This summer, I will snatch those hydrangea blooms before they’re spent, pluck them at their peak, and set them on my table in a pitcher, just like they do on Pinterest, Instagram, and HGTV.

Clippers in hand, I don’t step outside looking to be spellbound, but is it possible to be ravished by a bush? Enraptured? Dazzled into reverence?

Perhaps that word—reverence—is too much. I wouldn’t want to use it amiss. But how can I cull among this lushness, cupping blooms brimming in my palms, and not be a little openmouthed at the opulence, at the openhandedness of our God?

Could you?

Because to me it seems almost profligate, this profusion.  A bit much for my plain patch of suburbia. My home is no landscaped palace, after all. But beauty blooming in a corner always has a tale to tell, and if the heavens declare God’s glory, then these hydrangeas do too, their heaping heads mounded and moist with the morning, iridescent with the dew.

Clippers poised at a woody stem, my mind suddenly goes to math. In the divine economy, everything has an exponent. All things are raised to the power of plenty: Seeds scatter and swell in the soil, spring up, shoot up, and spread. 

My imagination conjures burgeoning blossoms with superscript numerals multiplied en masse over a summer landscape. Gracing gardens and walks and tabletops and pitchers. Filling hands and arms and rooms and lives.

After Christ multiplied the loaves and the fishes and fed the five thousand, he said: “Gather the pieces that are left over. Let nothing be wasted.” So, surely our Prince of Peace is no profligate. All his extravagances are signs. His love is a cup running over. And it is water turning to wine.

II.

My bounty is carefully arranged in a blue and white pitcher and set on our table at last. The petals are royal purple, the tabletop charmingly beat-up, its wood scarred and nicked and grooved. Pinterest perfect? Almost. But when the early sun slants through my slider, it suggests something more than an Instagram shot, and I pause before snapping the photo.

The cross was rough-hewn and splintery, and the Savior who once carried it bears the scars of it forever—punctures and piercings for our sin. This, I think, is far more than a motif for Pinterest, so now I’m standing in my kitchen meditating on his death and resurrection—longing for valleys lifted, ruins redeemed, and skewed ways made smooth.

And why not?

Aren’t these blooms on my table a kind of miracle? A sign? Elizabeth Barrett Browning was onto something, I think, when she wrote: “Earth is crammed with heaven, and every common bush afire with God. But only he who sees takes off his shoes…

III.

Sometimes my husband and I will rise early in the morning to plant a bush or make a border, to mulch a bed or mend a mess. Nature plus companionship plus the satisfaction of a job well done almost always equals bliss. And somehow, it’s more than just simple addition. It’s that divine math again: our minutes together made munificent by an invisible grace.
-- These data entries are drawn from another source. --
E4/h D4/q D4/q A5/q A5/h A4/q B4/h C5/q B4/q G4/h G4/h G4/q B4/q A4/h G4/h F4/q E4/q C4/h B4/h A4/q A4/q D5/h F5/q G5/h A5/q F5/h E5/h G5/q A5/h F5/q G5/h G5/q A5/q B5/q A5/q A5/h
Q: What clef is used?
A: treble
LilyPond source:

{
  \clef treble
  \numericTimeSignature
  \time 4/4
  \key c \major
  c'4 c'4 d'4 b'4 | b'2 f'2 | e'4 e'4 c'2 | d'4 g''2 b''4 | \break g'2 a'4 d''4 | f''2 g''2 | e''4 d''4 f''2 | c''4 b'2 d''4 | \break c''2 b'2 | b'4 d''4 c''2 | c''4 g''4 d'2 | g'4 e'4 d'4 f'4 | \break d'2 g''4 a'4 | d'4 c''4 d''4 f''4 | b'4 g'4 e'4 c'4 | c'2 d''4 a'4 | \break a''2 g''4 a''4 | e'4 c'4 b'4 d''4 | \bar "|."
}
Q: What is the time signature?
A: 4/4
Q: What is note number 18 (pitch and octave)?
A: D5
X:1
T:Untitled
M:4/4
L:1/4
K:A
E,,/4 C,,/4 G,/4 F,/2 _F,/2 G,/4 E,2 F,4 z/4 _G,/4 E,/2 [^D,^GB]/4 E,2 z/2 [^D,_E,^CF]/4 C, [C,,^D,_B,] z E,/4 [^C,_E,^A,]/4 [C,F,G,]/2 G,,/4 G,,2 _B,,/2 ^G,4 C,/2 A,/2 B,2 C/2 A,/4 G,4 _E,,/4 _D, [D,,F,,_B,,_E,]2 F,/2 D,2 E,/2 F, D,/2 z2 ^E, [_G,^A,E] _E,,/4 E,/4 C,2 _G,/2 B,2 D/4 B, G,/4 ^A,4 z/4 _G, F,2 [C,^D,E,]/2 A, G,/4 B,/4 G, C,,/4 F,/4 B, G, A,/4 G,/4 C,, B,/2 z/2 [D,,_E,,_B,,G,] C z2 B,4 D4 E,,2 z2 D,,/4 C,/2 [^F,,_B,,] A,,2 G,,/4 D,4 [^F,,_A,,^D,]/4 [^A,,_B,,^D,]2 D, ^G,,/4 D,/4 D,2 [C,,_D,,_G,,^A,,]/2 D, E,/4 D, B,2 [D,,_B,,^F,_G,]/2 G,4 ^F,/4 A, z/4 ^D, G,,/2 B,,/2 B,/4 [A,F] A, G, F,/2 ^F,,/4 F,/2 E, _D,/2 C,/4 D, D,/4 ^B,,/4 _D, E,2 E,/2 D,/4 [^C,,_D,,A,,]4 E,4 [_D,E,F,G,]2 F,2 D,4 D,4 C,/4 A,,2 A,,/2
My husband and I joked once that this was our Garden of Eden effect. And science, it seems, is on our side. Because if life began in a garden, it’s no surprise what they’re discovering now about the soil. How it stimulates serotonin and makes you feel less stressed and depressed. Dirt is leavened with delight apparently. And digging among the hollyhocks and hydrangeas can make for a paradisal pleasure.

Did God, I wonder, leave an Edenic echo in the elements of the soil? A “magic” in the microbes, if you’ll permit me that word?

IV.

In the Garden of Gethsemane, Christ’s tears flowed into the earth like a blessing soaked right into the soil, his agony bled into the ground for our good. Gardens seem to mean something to him. Isn’t that where Mary first saw him on resurrection morning, even mistaking him for the gardener?

“The land that was laid waste has become like the Garden of Eden,” the prophet Ezekiel wrote.

I run my fingers under the cool flow of the faucet as the sun streams luminous through my kitchen window. And I’m a little radiant in this moment because maybe my earlier rapture was no exaggeration. My hydrangeas are holy, in their way. Reverence was the right word all along. And like Moses, and Elizabeth Barrett Browning, I need to take off my shoes.

Jesus, Gardener, tend the landscape of my heart. Cultivate the soil of my soul. Make my waste places flourish with your life and freshness.

I close the tap and dry my hands slowly… Nothing will be wasted, I think. Not a minute. Not a moment. Not a bloom.